Jake began kindergarten in August and turned six on September 9th. He is one of the older kids in the class and having an extra year of speech and fine motor development made all the difference in the world.
I am happy to report that Jake is doing really well in a neurotypical classroom. He is showing no signs of learning problems like dyslexia or ADHD that sometimes accompany apraxia. His focus/attention is good and ironically enough, he is catching on to reading better than my other two boys did.
Raz-Kids is the online reading program his school uses for at-home practice and I love it for the following reasons:
- Repetition of key words in each story.
- Great visuals!
- Questions at the end of the story. (Memory-building skills)
Narrative writing & penmanship
Jake is struggling in narrative writing. Kids in kindergarten write stories about real topics like a place they have visited, a favorite Christmas memory, etc. It doesn’t surprise me that Jake is having trouble in this area because it is a brain explosion for him.
After all, a little over a year ago, he couldn’t even answer basic /w/ questions like, “What did you eat for breakfast?” It makes perfect sense to me that a deeper, more thought-intensive question now would be difficult for him.
Consider the brain work that goes on in this activity:
- Come up with a topic and arrange it into sentences. (Yikes! What about all that apraxia word scrambling?!?)
- Spell each word by sounding it out. (Recall / memory skills)
- Write each letter. (Hold on to the letter in your brain for long enough to then be able to recall how to write it.)
It was interesting to me that although Jake’s handwriting is near perfect when copying words off the board, it is horrible when he writes stories. When his teacher showed me his first stories, I was shocked at how terrible his penmanship was. I suppose by the time all those thought processes occur, the end result is a mess.

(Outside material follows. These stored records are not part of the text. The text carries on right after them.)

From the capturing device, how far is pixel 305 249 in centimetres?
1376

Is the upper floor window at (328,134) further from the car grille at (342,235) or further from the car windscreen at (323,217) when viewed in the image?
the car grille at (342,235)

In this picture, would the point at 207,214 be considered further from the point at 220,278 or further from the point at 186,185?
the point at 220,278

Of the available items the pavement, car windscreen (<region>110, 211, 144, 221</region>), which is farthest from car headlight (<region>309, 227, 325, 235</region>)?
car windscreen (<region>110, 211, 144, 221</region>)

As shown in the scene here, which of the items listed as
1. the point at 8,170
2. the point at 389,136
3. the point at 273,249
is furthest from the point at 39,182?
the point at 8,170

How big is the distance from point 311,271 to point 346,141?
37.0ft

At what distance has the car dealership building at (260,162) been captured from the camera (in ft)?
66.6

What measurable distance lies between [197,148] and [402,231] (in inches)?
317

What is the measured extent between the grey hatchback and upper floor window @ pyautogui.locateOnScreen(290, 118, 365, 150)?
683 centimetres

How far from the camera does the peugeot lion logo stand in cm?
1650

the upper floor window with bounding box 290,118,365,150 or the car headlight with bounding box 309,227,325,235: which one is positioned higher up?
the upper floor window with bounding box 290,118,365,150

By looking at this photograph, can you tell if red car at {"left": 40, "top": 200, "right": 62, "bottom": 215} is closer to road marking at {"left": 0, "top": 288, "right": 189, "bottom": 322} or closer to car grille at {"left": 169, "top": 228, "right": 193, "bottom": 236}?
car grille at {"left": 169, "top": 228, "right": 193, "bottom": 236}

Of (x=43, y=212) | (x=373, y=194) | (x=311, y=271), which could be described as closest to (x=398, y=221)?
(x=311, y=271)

It reminded me of when he could expertly mimic all of the Kaufman words, but if he tried to recall the word on his own by looking at the picture, there was blank silence. The breakdown in the mental process of getting from Point A to B and finally to C was lost.
Mixing up voiceless /t/ and voiced /d/ in writing
This problem parallels one of my biggest takeaways from our intensive with Lynn Carahaly … it is vital for kids with apraxia to have a strong voice to ear, ear to brain connection. They must be able to not only say the word correctly, but also really understand the nitty-gritty details of letters and the sounds they make. If this skill is not given some extra TLC, apraxic kids will probably spell the word as they say it.
I really worked a lot on this skill, especially with Lynn’s Target Sound Identification app, but obviously there is still a little bit of a disconnect. Fortunately, from a phonics viewpoint, we are just having trouble with those two letters. I correct it with a hand cue both in his writing and speech and know he eventually will get it.
Consistent speech errors
- Puts “ing” on the end of words instead of “ed.” (I am exciting vs. I am excited).
- Incorrect word order when asking questions. (What that is?)
Yes, I cue him on the mistakes. Yes, we work on it. No, this skill is still not clicking after about a year of practice. But, it took us 1.5 years to master proper pronoun usage and I know eventually it will come.
- Twenty minutes of reading per week.
- Spelling test with six words. (We practice M,T,W,Th)
- Daily, quick math activity.
The weekly newsletter from his teacher (who I love!) tells me what phonics skills they are working on. I typically review this with Jake on Thursday for about five minutes. We work on story writing about two times a week for thirty minute sessions.
Do you have a child about to enter kindergarten?
Is your child in kindergarten this year? What’s your experience been like?